Ibrahim, 20, respondeu às perguntas. Ele disse que admirava Ilhan Omar, a primeira somali-americana eleita ao Congresso. Ele não acompanha a política americana, acrescentou, mas acha que Joe Biden é um bom presidente. Quando questionado se Biden ou o ex-presidente Donald Trump seria melhor para os imigrantes, ele escolheu Biden.
Mais tarde, Ibrahim diria que se sentiu surpreendido e confuso pelas perguntas. Ele não tinha a intenção de fazer uma declaração política. Mas já era tarde demais.
Uma de suas entrevistadoras, Laura Loomer, uma ativista de direita e ex-candidata republicana ao Congresso, já havia postado um vídeo editado da conversa. Ele se espalhou pela internet, acumulando quase duas milhões de visualizações no X. A legenda dizia: “imigrantes ilegais somalis declaram apoio a Ilhan Omar e Joe Biden dentro de acampamento de migrantes no Panamá”.
À medida que a imigração se torna um tema dominante na corrida presidencial de 2024, a mídia de direita tem sido inundada por vídeos frequentemente enganosos de migrantes emergindo do estreito de Darién, um trecho sem estradas da selva panamenha que se tornou um gargalo para milhares de pessoas a caminho dos Estados Unidos.
Os vídeos são apresentados como prova do que os republicanos frequentemente descrevem como uma “invasão” de terroristas muçulmanos, espiões chineses e criminosos latino-americanos. Amplamente postados nas redes sociais, os vídeos culpam o presidente Biden pela migração e sugerem, falsamente, que os democratas a estão encorajando para criar novos eleitores ilegais. Organizações de ajuda humanitária são retratadas como aproveitadoras que lucram com a miséria humana.

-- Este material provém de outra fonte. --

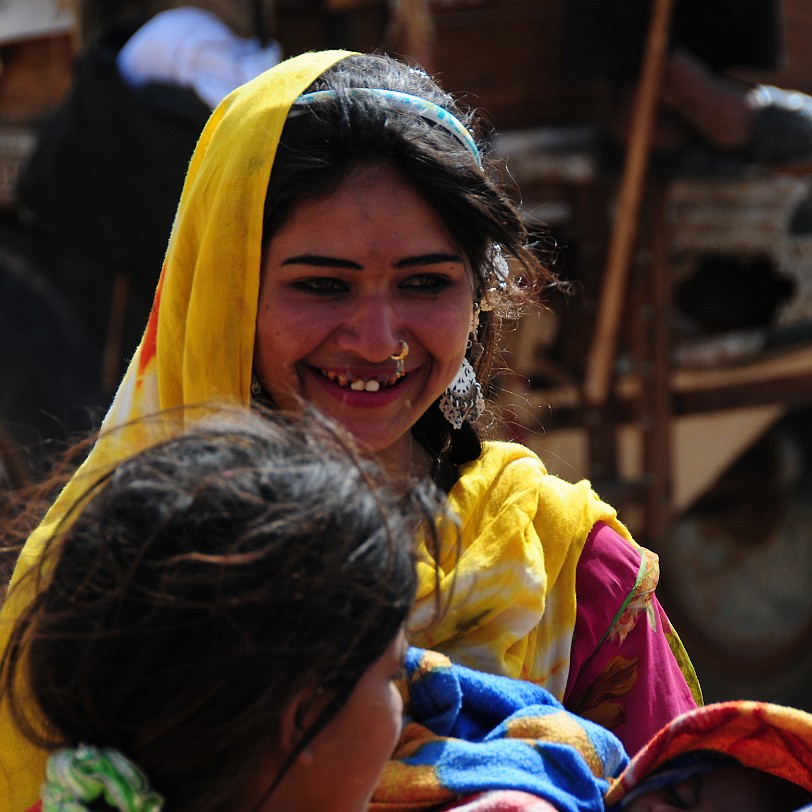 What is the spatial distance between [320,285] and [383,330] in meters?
0.11

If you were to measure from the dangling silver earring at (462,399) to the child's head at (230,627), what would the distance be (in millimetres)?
700

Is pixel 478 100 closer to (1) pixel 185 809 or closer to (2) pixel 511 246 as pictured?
(2) pixel 511 246

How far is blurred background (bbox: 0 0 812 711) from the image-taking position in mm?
4273

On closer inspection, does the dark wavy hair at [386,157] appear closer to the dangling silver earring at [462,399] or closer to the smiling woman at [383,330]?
the smiling woman at [383,330]

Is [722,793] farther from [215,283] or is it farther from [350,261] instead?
[215,283]

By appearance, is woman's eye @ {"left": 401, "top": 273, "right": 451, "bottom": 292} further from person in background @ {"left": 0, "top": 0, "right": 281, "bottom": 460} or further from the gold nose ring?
person in background @ {"left": 0, "top": 0, "right": 281, "bottom": 460}

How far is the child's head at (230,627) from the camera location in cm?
129

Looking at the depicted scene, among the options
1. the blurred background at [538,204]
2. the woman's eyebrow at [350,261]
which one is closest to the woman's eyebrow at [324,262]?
the woman's eyebrow at [350,261]

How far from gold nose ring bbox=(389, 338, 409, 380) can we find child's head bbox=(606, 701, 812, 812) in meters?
0.59

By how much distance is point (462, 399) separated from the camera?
2.10 metres

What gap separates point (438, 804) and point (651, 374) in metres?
3.68

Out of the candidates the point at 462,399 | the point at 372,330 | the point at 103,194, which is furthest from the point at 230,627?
the point at 103,194

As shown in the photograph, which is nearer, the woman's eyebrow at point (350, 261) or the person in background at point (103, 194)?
the woman's eyebrow at point (350, 261)

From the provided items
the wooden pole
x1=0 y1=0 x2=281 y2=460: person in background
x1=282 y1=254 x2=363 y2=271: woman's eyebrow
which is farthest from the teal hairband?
the wooden pole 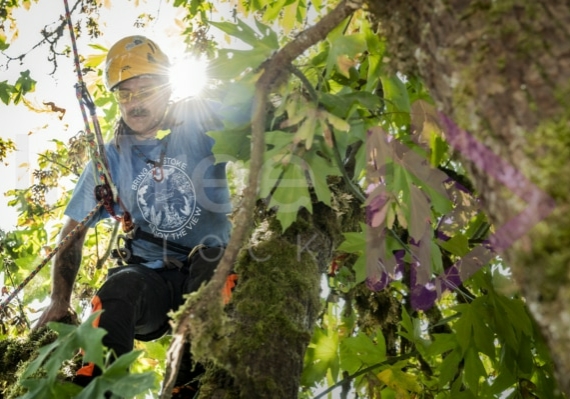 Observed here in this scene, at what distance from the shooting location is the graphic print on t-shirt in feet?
11.7

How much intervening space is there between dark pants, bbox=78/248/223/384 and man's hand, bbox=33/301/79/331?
0.40 m

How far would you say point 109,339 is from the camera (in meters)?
2.65

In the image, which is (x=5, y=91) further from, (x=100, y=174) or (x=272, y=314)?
(x=272, y=314)

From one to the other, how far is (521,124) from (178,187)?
2.95 m

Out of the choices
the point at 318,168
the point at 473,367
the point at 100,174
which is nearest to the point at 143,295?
the point at 100,174

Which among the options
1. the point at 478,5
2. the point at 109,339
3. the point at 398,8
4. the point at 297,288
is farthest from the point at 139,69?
the point at 478,5

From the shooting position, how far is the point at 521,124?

O New York Times rastreou grande parte desse conteúdo no trabalho de Michael Yon, um ex-Boina Verde [que serviu nas Forças Especiais americanas] que nos últimos três anos se tornou o guia turístico preferido de jornalistas de direita, políticos e influenciadores que querem ver o estreito de Darién pessoalmente.
Esses viajantes incluíram, junto com Laura Loomer, os congressistas republicanos Tom Tiffany, de Wisconsin, e Burgess Owens, de Utah, repórteres, produtores e apresentadores de podcast do The Epoch Times, um jornal de direita, e correspondentes da Real America’s Voice, a empresa de mídia digital que hospeda o podcast de Steve Bannon, ex-assessor de Trump e estrategista da ultradireita global.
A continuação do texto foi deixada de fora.